[Captioned web images]
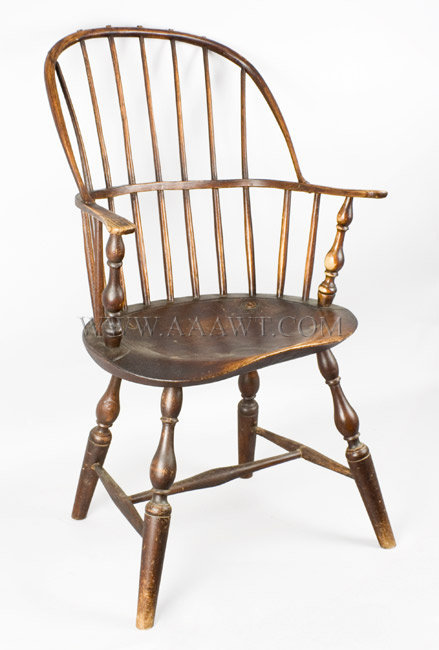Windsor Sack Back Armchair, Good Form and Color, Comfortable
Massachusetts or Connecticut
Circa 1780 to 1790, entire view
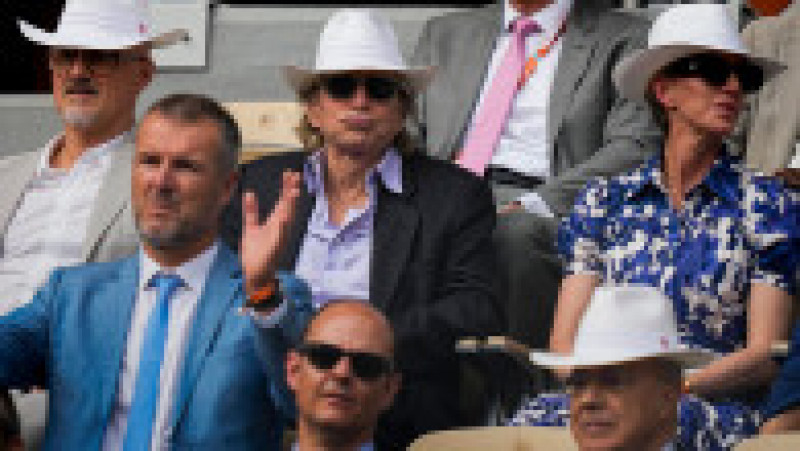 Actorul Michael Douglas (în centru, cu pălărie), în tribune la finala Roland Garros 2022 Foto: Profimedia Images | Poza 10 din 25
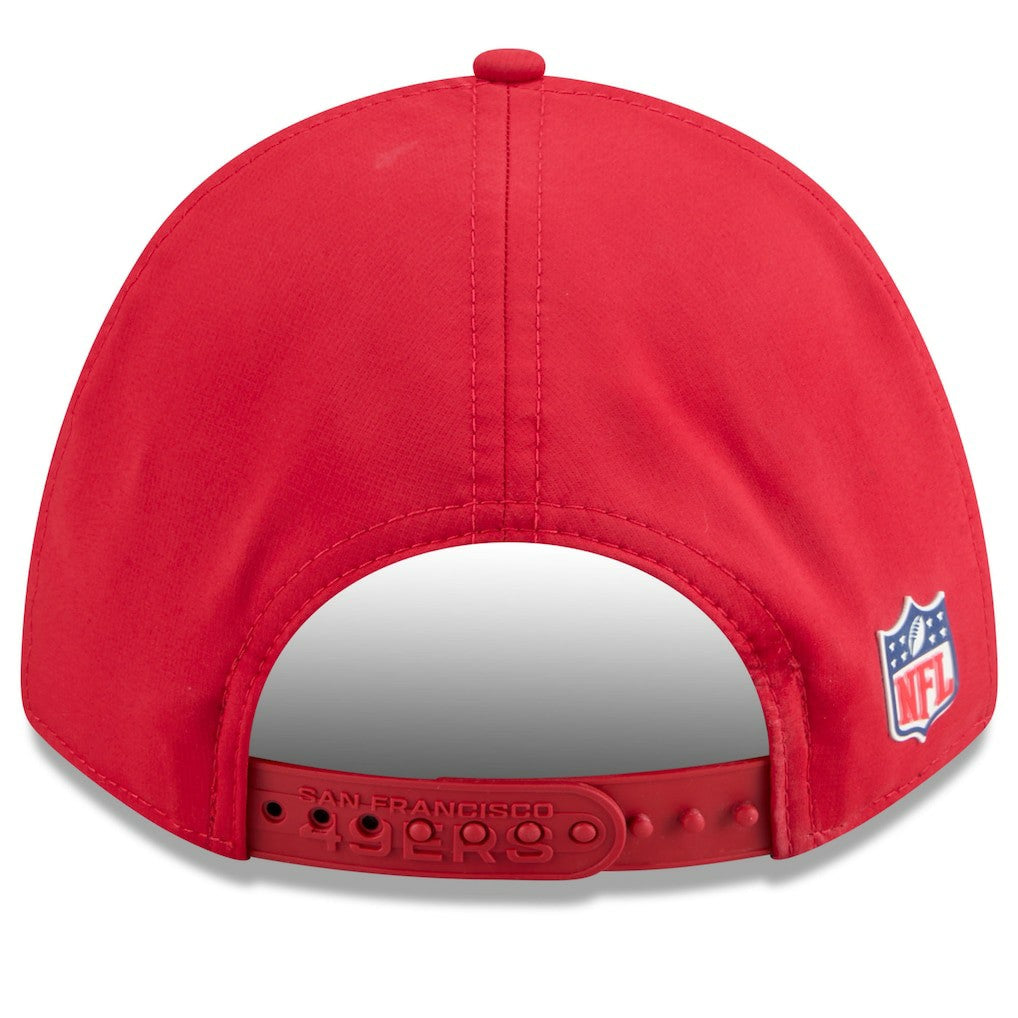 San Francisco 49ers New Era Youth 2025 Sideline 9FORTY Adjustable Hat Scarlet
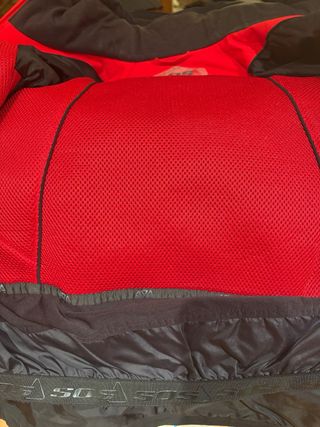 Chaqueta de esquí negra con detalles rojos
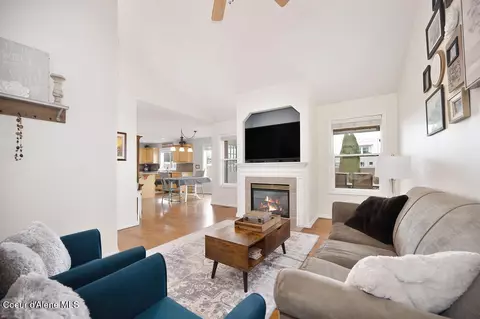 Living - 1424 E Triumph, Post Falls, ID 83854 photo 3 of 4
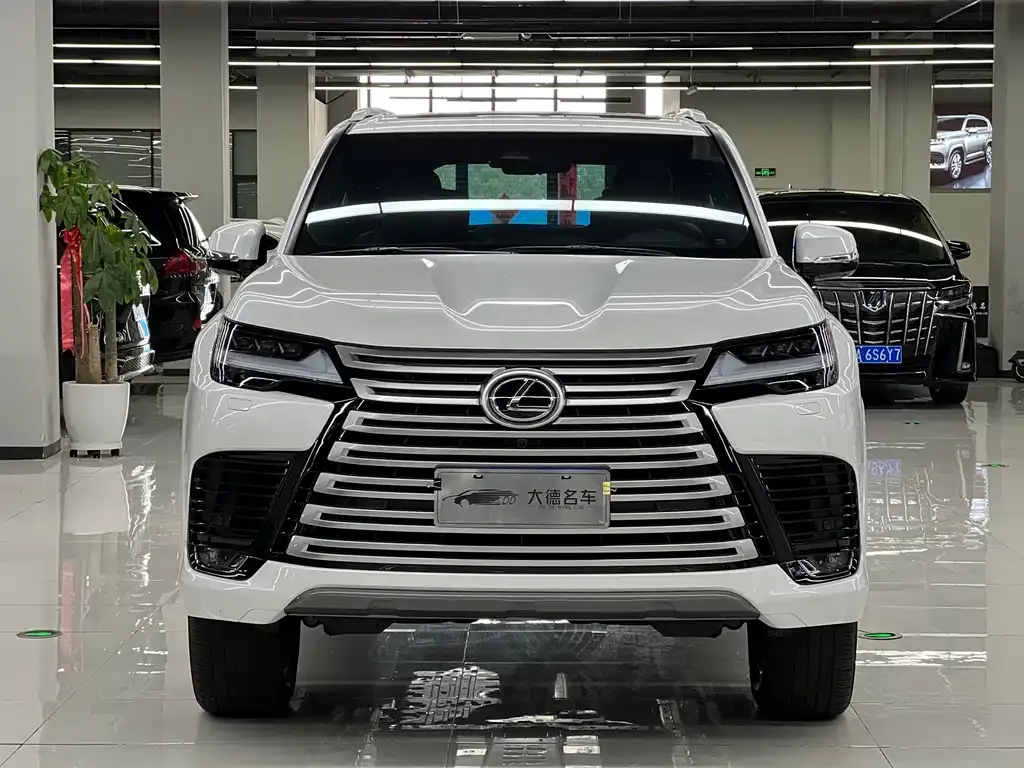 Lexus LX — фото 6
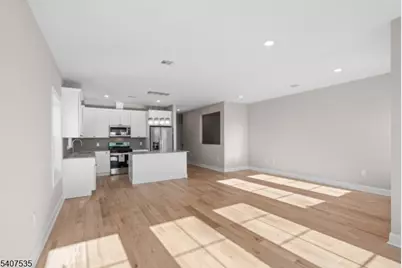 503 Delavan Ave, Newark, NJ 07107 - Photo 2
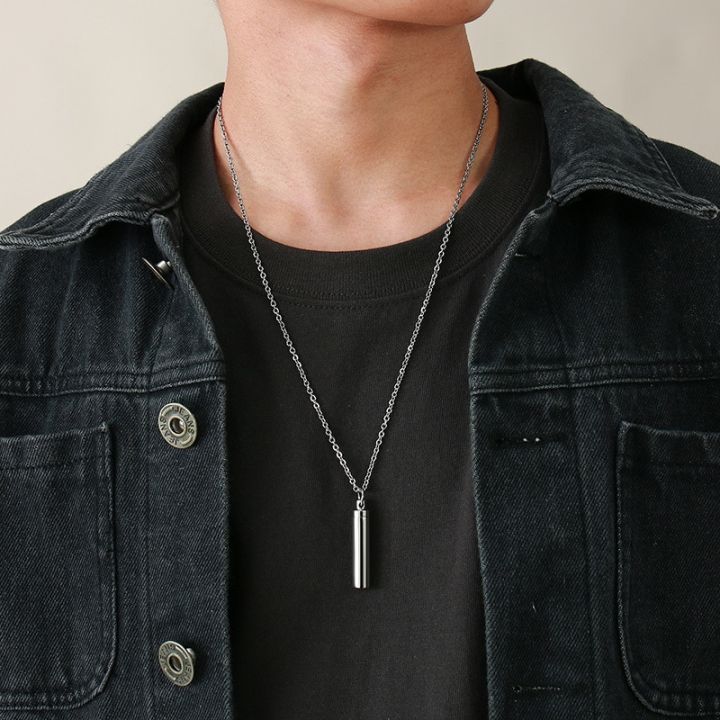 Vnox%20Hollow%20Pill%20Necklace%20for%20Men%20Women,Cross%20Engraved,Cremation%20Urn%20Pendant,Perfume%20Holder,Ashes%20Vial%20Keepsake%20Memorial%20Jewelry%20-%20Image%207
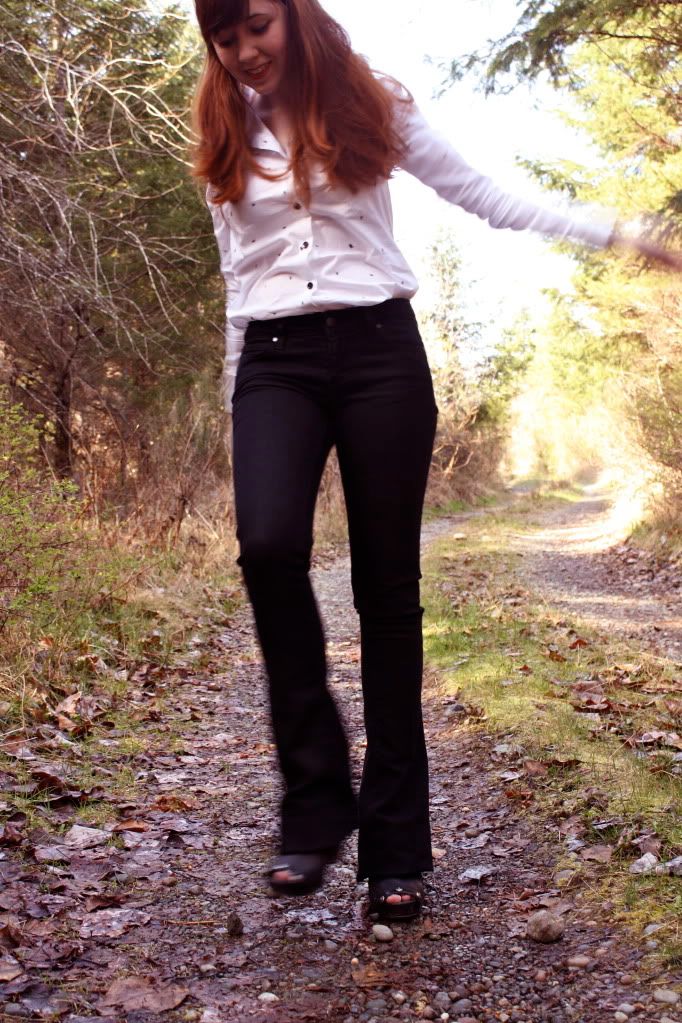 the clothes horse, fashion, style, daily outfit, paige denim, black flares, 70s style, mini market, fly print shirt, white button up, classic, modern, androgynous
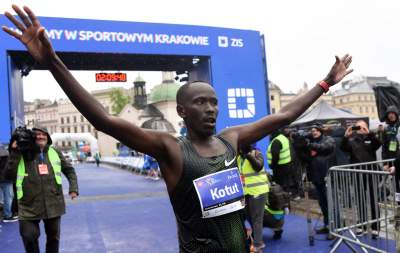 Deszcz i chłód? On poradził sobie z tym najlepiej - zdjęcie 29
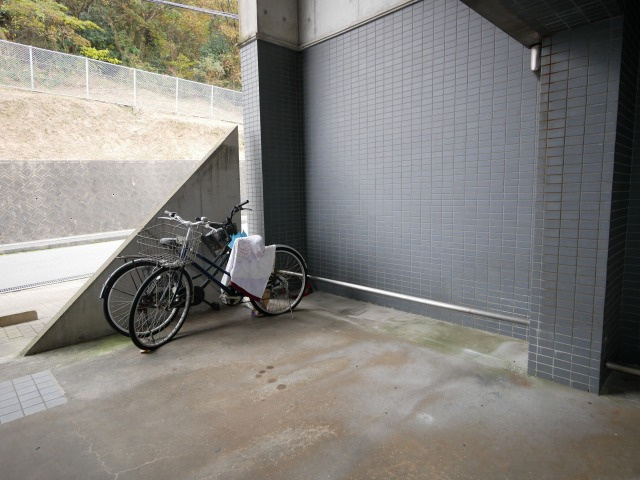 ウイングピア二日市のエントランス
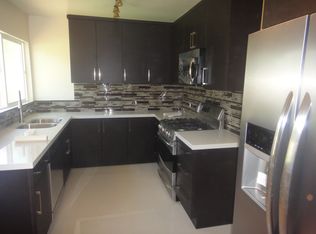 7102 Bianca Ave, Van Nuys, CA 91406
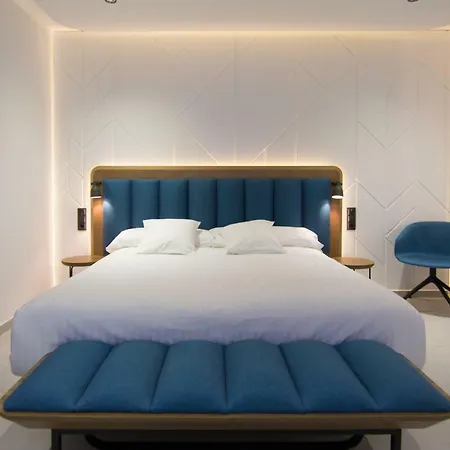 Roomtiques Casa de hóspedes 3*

▸ **THE TASK**:
Return only the part above that opens with the line containing "503 Delavan Ave, Newark, NJ 07107 - Photo 2" and closes with the line containing "the clothes horse, fashion, style, daily", exactly and with both ends, skipping the pictures.

▸ **WRITTEN SOLUTION**:
 503 Delavan Ave, Newark, NJ 07107 - Photo 2
 Vnox%20Hollow%20Pill%20Necklace%20for%20Men%20Women,Cross%20Engraved,Cremation%20Urn%20Pendant,Perfume%20Holder,Ashes%20Vial%20Keepsake%20Memorial%20Jewelry%20-%20Image%207
 the clothes horse, fashion, style, daily outfit, paige denim, black flares, 70s style, mini market, fly print shirt, white button up, classic, modern, androgynous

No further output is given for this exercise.